OPM / opm-common

Common components for OPM, in particular build system (cmake).
http://www.opm-project.org
GNU General Public License v3.0
33 stars 111 forks source link

Issue with output during ensemble simulations #1557

Open totto82 opened 4 years ago

totto82 commented 4 years ago

A colleague of mine is running Flow for history matching on a server with 72 cores. He runs 72 realizations at the same time with non-unified output. i.e. many output files are created very often. Some of the simulations produce this error message.

EclOutput.cpp:162: fstream fileH not open for writing.

and many empty summary and restart files.

Any clue?

joakim-hove commented 4 years ago

Well; it means that openstatement here has failed - exactly why that has failed I do not know. Would need to print some error messages from the open call; operating system / NSF / fd exhaustion / ????

Some of the simulations produce this error message.

Errors encountered in output are to a large extent "masked" by "catch all" somewhere; the situation you have encountered should in my opinion have produced an immediate exit(1).

blattms commented 4 years ago

Well there is usually a limit to the number of open files on a linux system. Maybe this is reached and opening another one fails therefore?

BTW: I could not find a place where we actually close EclipseOutput::ofileH but might just have missed it. Maybe we should close it?

bska commented 4 years ago

I could not find a place where we actually close EclipseOutput::ofileH

The stream is implicitly closed when destroying the data member as part of running the EclipseOutput::~EclipseOutput() destructor.

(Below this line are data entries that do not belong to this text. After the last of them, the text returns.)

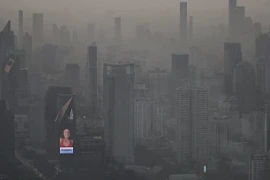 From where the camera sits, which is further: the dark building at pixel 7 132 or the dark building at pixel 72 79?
the dark building at pixel 72 79

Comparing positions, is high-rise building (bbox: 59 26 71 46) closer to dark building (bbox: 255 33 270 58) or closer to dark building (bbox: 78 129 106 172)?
dark building (bbox: 78 129 106 172)

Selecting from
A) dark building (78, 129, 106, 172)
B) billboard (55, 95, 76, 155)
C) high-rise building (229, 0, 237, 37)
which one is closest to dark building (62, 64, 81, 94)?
billboard (55, 95, 76, 155)

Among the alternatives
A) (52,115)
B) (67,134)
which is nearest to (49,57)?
(52,115)

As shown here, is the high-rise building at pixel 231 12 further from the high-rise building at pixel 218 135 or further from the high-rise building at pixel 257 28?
the high-rise building at pixel 218 135

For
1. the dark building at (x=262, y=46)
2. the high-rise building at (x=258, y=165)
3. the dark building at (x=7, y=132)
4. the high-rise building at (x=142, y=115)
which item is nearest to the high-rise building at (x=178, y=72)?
the high-rise building at (x=142, y=115)

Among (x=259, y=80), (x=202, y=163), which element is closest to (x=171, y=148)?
(x=202, y=163)

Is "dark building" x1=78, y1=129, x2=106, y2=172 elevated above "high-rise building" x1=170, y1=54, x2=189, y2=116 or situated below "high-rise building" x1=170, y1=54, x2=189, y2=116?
below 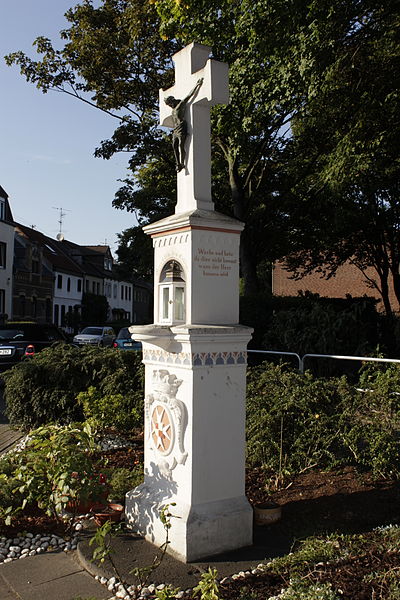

That, in turn, happens at simulation shut-down and when we reassign the output stream (i.e., when opening a new stream) here. Of course, as of C++17 we're guaranteed that the right-hand side of the

this->stream_ = /* ... */;

assignment is evaluated/sequenced before the assignment itself which means that we open the new stream/file before closing the previous. If we're particularly unlucky we could end up in case where all—or a large majority of—the ensemble simulations attempt to create a new summary output stream at the same time which would increase the risk of exhausting the open file limits.

As a quick check it would be interesting to see if the problem is abated by inserting

this->stream_.reset(); // Close existing stream, flush output

before opening a new stream using

this->stream_ = /* ... */;